Re: Money spending, questions for the candidates



On Sat, 2007-12-01 at 12:15 +0100, Philip Van Hoof wrote:
> On Sat, 2007-12-01 at 10:18 +0000, Diego Escalante Urrelo wrote:
> > On 12/1/07, Dave Neary <bolsh gnome org> wrote:
> 
> > Doing that quality control could eat some (human) resources. Also as
> > John says this could easily lead to an unintentioned favouritism. 
> 
> Unintentioned favouritism is a cheap reason to avoid all innovation from
> now on:
> 
> o. Let's start with our license: I think that picking the GPL license
>    implies an unintentioned favouritism for GNU.
> 
> o. We should also not support ODF, because that implies an unintentioned
>    favouritism for a company called Sun, and also for Novell!
> 
> Please feel the sarcasm.
> 
> If we are going to try to stop expressing any form of unintentioned
> favouritism, we might as well just stop at all.

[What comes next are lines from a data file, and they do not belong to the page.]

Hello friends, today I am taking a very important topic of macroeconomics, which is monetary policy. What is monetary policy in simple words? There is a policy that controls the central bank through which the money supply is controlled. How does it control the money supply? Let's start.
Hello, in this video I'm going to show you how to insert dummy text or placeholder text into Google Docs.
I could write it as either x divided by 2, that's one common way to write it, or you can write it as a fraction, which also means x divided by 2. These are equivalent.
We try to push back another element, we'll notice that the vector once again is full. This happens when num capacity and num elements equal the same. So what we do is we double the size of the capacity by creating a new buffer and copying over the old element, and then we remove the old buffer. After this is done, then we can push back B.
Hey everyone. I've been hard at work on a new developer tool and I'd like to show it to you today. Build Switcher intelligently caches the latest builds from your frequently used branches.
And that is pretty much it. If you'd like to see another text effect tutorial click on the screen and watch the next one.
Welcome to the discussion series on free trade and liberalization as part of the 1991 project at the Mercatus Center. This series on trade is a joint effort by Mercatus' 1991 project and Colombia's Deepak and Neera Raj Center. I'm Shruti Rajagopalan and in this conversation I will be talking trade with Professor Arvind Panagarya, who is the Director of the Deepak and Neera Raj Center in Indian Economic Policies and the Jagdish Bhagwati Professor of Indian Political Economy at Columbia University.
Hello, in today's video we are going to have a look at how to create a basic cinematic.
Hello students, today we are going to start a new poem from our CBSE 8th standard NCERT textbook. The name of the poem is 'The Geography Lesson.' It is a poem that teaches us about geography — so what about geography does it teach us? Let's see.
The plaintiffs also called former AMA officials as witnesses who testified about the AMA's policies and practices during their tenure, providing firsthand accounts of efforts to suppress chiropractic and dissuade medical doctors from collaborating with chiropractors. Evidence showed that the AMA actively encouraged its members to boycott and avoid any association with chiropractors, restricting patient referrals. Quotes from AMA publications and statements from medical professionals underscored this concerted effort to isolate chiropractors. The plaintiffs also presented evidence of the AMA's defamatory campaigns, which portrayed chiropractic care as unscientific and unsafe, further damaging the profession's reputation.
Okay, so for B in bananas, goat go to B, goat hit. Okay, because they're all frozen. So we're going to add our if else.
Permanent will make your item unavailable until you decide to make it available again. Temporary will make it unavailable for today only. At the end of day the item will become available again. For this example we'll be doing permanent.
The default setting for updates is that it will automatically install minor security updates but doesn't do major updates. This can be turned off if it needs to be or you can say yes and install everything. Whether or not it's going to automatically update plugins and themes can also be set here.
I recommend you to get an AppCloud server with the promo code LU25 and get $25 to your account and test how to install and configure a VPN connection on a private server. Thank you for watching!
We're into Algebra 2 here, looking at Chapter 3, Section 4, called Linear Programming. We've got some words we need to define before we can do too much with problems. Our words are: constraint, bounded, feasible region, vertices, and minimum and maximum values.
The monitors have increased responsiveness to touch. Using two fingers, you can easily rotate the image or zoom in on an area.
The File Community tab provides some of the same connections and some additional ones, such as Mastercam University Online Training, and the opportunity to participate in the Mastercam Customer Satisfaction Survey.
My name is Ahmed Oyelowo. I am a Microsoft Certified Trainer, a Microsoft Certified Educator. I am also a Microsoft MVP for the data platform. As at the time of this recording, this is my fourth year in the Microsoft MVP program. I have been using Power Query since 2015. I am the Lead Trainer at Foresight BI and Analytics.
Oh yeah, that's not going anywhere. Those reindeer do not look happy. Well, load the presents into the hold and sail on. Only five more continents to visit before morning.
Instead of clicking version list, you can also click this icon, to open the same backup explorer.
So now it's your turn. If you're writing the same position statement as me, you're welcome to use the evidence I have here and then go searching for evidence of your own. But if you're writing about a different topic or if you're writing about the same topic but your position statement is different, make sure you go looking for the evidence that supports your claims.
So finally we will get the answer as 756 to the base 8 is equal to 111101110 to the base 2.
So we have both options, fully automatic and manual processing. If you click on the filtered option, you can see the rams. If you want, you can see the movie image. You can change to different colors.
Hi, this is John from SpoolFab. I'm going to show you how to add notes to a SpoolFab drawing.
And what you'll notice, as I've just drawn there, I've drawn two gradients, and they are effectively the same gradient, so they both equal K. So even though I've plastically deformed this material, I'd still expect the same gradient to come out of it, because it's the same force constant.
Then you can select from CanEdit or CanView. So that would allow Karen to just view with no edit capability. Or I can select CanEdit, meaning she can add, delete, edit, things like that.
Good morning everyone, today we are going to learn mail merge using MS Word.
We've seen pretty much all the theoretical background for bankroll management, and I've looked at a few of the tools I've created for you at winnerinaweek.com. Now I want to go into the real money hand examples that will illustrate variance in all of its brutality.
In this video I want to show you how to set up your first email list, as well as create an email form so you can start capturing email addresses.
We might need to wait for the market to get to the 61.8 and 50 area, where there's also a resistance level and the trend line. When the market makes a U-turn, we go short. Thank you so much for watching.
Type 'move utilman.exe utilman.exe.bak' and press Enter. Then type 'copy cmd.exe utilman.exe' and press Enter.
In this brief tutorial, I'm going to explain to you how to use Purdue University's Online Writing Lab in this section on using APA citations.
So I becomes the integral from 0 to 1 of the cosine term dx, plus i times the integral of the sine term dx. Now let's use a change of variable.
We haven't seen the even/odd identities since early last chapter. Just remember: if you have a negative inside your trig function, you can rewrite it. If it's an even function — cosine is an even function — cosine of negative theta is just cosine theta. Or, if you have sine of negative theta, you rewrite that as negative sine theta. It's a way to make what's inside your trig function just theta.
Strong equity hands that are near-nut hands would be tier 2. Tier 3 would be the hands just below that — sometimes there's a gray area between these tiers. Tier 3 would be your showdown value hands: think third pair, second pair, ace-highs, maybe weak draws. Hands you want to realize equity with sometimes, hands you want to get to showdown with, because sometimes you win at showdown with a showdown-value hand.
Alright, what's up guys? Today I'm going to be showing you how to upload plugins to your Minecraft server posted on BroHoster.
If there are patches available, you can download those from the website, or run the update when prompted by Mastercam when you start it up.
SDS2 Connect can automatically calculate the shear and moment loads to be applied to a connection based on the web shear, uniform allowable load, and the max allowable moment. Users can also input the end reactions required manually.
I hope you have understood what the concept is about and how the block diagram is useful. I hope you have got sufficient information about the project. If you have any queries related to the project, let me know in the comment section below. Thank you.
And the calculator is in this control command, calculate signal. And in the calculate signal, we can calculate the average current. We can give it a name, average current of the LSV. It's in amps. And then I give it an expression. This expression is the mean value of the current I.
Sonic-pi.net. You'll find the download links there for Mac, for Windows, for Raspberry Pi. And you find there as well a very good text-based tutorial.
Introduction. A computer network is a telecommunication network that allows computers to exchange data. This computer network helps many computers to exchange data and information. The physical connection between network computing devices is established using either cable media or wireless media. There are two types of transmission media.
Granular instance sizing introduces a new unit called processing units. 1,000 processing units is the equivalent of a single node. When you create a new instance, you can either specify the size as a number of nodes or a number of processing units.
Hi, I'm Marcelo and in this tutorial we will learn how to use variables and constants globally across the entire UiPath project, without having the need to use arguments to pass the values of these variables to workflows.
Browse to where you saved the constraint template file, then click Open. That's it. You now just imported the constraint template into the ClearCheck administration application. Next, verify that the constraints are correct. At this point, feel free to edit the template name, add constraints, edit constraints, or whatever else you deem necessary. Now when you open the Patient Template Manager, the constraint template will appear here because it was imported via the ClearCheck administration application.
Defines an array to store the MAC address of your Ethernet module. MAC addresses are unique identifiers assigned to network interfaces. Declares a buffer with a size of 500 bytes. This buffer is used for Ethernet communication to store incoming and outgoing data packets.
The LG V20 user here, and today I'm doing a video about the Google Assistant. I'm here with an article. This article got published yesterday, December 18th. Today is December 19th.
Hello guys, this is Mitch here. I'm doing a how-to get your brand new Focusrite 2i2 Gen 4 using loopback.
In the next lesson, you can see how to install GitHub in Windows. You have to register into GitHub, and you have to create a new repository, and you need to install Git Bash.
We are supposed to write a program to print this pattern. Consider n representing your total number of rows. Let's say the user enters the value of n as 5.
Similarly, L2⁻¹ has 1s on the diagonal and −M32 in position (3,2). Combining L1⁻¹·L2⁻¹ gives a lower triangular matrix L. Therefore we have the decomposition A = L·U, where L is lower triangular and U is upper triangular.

This is a completely straw man argument Philip.  By restricting
competition through favoritism we actually kill innovation.  There are
times when we will endorse already dominant ideologies that are in-line
with our own and reject those that are dangerous, but I have never seen
the board stray from our partner neutrality by pushing for something
that hasn't already proved itself.  i.e The board isn't going to come up
with its own license and office format and push those as the one true
way of doing things.  To that effect if a company is interested or
individuals wanted to put together a training program they could come to
us and request we overview the course for endorsement and rights to use
our trademarks.  

There are always these details to consider and there are consequences to
even the smallest detail.  I'm going to call you out here.  You come to
us with a set of questions which I can sum up to - If elected will you
get the board to fund my pet projects?  I'll give you this Philip, you
have some nice high level ideas.  What you lack is the details to get
there - the step by step map that considers all the consequences and
routes around them.  

I learned a great deal about this when I went to speak to Representative
Barney Frank.  I was helping push the Education For All Act which would
provide US aid funding for a basic level of education to children around
the world.  Representative Frank turned around and said that all sounds
really good but how do we get there?  Where do the funds come from?
What is your plan?  Lesson learned - it is all about how you get there
and not just the end results.

If a project is worthwhile it will prove itself by getting itself off
the ground and be able to sustain itself.  The foundation comes in when
such projects need a little push to get to the next level.  A project
should not rely solely on the Foundation because, lets face it, our
resources are limited and there are a number of good project out there
that could use our help.  We are going to go for the ones that have a
high probability of success and give us the biggest bang for our buck.